▶ [Problem to work on] The span to be transcribed begins with the line that contains "Building Photo - 42 Rogers St" and ends with the last line of the listing; copy it exactly and include nothing else.
Segment Start: Data records
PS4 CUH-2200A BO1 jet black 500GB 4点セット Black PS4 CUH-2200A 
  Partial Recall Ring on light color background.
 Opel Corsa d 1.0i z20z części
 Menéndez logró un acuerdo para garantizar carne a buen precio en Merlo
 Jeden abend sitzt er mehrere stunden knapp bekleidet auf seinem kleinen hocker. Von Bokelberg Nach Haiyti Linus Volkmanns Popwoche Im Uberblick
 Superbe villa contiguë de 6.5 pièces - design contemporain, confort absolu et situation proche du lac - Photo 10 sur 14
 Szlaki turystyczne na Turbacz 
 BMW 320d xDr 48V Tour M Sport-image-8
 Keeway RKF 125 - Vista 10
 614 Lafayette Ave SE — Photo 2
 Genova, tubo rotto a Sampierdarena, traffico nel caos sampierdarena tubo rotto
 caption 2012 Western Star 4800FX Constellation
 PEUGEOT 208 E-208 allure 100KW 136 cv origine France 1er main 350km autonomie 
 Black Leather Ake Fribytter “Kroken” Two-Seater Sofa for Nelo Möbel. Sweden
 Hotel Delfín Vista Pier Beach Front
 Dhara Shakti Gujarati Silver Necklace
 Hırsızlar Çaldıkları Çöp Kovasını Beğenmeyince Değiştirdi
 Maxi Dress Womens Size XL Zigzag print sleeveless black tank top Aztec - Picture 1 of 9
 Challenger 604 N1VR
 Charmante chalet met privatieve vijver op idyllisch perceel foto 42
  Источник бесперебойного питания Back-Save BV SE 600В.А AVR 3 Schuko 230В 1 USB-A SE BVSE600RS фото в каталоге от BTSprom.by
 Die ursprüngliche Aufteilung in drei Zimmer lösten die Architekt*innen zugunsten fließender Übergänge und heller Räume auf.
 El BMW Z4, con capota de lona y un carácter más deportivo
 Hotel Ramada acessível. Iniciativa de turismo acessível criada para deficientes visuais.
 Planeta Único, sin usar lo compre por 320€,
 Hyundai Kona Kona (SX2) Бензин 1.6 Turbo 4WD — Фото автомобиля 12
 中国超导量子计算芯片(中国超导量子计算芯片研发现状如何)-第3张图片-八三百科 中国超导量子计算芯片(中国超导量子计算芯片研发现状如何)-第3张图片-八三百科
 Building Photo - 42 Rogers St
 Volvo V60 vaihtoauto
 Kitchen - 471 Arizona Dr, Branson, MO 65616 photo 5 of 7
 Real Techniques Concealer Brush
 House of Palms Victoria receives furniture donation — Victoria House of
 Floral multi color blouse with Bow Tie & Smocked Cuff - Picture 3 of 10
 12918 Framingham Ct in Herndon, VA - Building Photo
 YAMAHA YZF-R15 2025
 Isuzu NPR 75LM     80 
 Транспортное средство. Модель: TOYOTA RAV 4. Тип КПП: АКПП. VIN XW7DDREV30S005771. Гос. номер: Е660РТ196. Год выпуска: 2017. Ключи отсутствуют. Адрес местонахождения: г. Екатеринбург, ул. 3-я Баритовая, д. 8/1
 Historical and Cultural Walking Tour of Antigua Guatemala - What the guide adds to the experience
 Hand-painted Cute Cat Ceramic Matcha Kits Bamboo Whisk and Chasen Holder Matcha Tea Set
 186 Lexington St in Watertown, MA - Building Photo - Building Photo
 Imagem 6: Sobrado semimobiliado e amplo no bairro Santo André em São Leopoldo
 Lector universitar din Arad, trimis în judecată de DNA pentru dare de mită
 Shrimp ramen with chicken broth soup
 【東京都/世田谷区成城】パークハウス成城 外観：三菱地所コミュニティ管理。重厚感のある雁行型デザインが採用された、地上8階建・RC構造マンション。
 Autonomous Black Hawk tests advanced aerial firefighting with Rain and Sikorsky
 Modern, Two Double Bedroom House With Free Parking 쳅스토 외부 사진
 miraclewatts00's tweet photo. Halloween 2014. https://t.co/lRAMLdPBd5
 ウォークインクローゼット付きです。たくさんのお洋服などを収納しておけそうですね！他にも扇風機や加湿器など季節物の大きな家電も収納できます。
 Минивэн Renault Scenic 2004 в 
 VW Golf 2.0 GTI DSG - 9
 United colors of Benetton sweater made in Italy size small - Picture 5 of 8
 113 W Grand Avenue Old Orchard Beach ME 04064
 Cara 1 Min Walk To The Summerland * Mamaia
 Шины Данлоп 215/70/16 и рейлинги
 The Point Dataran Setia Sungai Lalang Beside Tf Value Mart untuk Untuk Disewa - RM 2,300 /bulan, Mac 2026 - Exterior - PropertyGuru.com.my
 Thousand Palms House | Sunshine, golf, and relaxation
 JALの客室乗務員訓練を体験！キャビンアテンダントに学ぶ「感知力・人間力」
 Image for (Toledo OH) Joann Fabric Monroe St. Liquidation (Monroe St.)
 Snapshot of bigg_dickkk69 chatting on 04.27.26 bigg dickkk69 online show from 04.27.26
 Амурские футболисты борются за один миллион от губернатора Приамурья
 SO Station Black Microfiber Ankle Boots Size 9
Segment End: Data records
▶ [Answer space]
 Building Photo - 42 Rogers St
 Volvo V60 vaihtoauto
 Kitchen - 471 Arizona Dr, Branson, MO 65616 photo 5 of 7
 Real Techniques Concealer Brush
 House of Palms Victoria receives furniture donation — Victoria House of
 Floral multi color blouse with Bow Tie & Smocked Cuff - Picture 3 of 10
 12918 Framingham Ct in Herndon, VA - Building Photo
 YAMAHA YZF-R15 2025
 Isuzu NPR 75LM     80 
 Транспортное средство. Модель: TOYOTA RAV 4. Тип КПП: АКПП. VIN XW7DDREV30S005771. Гос. номер: Е660РТ196. Год выпуска: 2017. Ключи отсутствуют. Адрес местонахождения: г. Екатеринбург, ул. 3-я Баритовая, д. 8/1
 Historical and Cultural Walking Tour of Antigua Guatemala - What the guide adds to the experience
 Hand-painted Cute Cat Ceramic Matcha Kits Bamboo Whisk and Chasen Holder Matcha Tea Set
 186 Lexington St in Watertown, MA - Building Photo - Building Photo
 Imagem 6: Sobrado semimobiliado e amplo no bairro Santo André em São Leopoldo
 Lector universitar din Arad, trimis în judecată de DNA pentru dare de mită
 Shrimp ramen with chicken broth soup
 【東京都/世田谷区成城】パークハウス成城 外観：三菱地所コミュニティ管理。重厚感のある雁行型デザインが採用された、地上8階建・RC構造マンション。
 Autonomous Black Hawk tests advanced aerial firefighting with Rain and Sikorsky
 Modern, Two Double Bedroom House With Free Parking 쳅스토 외부 사진
 miraclewatts00's tweet photo. Halloween 2014. https://t.co/lRAMLdPBd5
 ウォークインクローゼット付きです。たくさんのお洋服などを収納しておけそうですね！他にも扇風機や加湿器など季節物の大きな家電も収納できます。
 Минивэн Renault Scenic 2004 в 
 VW Golf 2.0 GTI DSG - 9
 United colors of Benetton sweater made in Italy size small - Picture 5 of 8
 113 W Grand Avenue Old Orchard Beach ME 04064
 Cara 1 Min Walk To The Summerland * Mamaia
 Шины Данлоп 215/70/16 и рейлинги
 The Point Dataran Setia Sungai Lalang Beside Tf Value Mart untuk Untuk Disewa - RM 2,300 /bulan, Mac 2026 - Exterior - PropertyGuru.com.my
 Thousand Palms House | Sunshine, golf, and relaxation
 JALの客室乗務員訓練を体験！キャビンアテンダントに学ぶ「感知力・人間力」
 Image for (Toledo OH) Joann Fabric Monroe St. Liquidation (Monroe St.)
 Snapshot of bigg_dickkk69 chatting on 04.27.26 bigg dickkk69 online show from 04.27.26
 Амурские футболисты борются за один миллион от губернатора Приамурья
 SO Station Black Microfiber Ankle Boots Size 9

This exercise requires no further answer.